Des pratiques partenariales coordonnées



Au plan pratique, les opérations d'urgence imposent trois conditions sine qua non : d'abord des méthodes de travail connues et transparentes ; ensuite, des politiques de formation spécifiques, par exemple sur la gestion de ces opérations si particulières, sur les standards internationalement reconnus : eau, nourriture, abris temporaires, sécurité, gestion, comptabilité et audit, etc. ; enfin, des mécanismes de coordination, de répartition du travail associant des prises de décisions claires, ainsi que la concertation, l'habitude d'agir ensemble, l’adaptation aux habitudes des uns et des autres. Ainsi en Inde, au Sri Lanka, en Indonésie, chaque fois de façon modulée à partir des forces et faiblesses des Caritas nationales et locales, un tandem a-t-il été mis en place entre chacune d’elles et un partenaire qui apporte un soutien adapté, principalement en gestion des programmes et en communication. Cette méthode est fréquemment utilisée lors des urgences majeures : au Darfour la Caritas anglaise, en équipe avec l'organisation protestante norvégienne, fait le même travail auprès de Sudanaid, la Caritas Soudan, et auprès d'organisations protestantes locales. Et pour bien fonctionner, les programmes et les méthodes de travail doivent intégrer les contraintes des uns et des autres qui ne sont pas identiques. Une radio espagnole n'interviewera pas en allemand. Le Gouvernement hollandais a des formulaires de rapports financiers différents de ceux des États-Unis. Un évêque désirera un programme de visite de terrain plus "pastoral" qu'un ministre...

Lors du tsunami, cette collaboration de long terme s'est chaque fois mise en place par pays après lancement immédiat, suite à la catastrophe, d'une équipe d'évaluation des besoins et de préparation des programmes : dans les pays touchés comme suite aux évènements du Rwanda, au cyclone du Bangladesh ou à celui d'Amérique centrale, Mitch, les programmes s'étaleront certainement sur plus de cinq ou six ans et intègreront des activités aujourd'hui ignorées, encore impossible à imaginer (3).
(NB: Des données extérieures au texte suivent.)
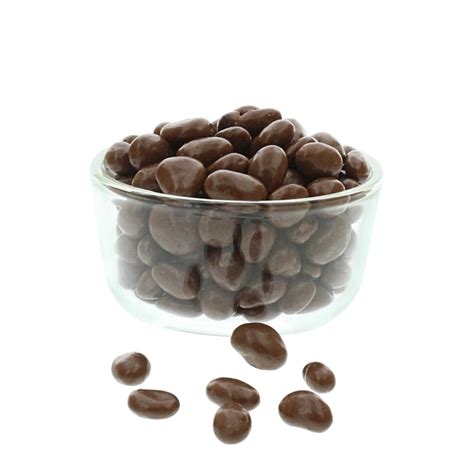 Milk Chocolate Raisins Bulk – Gretel's Candy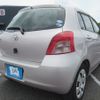 toyota vitz 2005 REALMOTOR_Y2024080144F-21 image 4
Quatre questions nées du tsunami



Le tsunami a posé, pose, et posera des questions nouvelles qui sont loin d'être résolues, tant pour le travail dans les principaux pays concernés que pour les opérations en cours et à venir ailleurs dans le monde.

¤ D'abord la gestion des différences culturelles. Il faut confronter les habitudes locales : le « chef » africain, le responsable sri lankais qui se sentent outragés par des exigences de transparence mal formulées par une personne ignorante de leur culture diront trop vite que les Européens privilégient l'efficacité au détriment de l'âme ; le responsable d'un organisme du « Nord » qui ne sait pas que, dans tel pays, les chrétiens sont les plus pauvres des plus basses castes, et qu'il n'est pas scandaleux que la Caritas leur prête une attention un peu privilégiée, parlera trop vite de népotisme. Cette question des différences culturelles se gère peu à peu par une meilleure connaissance des uns et des autres.

¤ Autre sujet : l'intégration des actions de « plaidoyer » dans les opérations d'urgence et surtout de réhabilitation. Au Sri Lanka particulièrement, la question de la terre, de la disponibilité de terres pour reconstruire, se pose avec acuité. En Inde et en Indonésie, aussi. Le réseau Caritas veut soutenir les efforts de Sedec, la Caritas du Sri Lanka, auprès de son gouvernement en ce domaine. Il faut donc ouvrir des coopérations internes nouvelles au sein des organisations humanitaires entre les « urgentistes » et les « politiques » (4 ).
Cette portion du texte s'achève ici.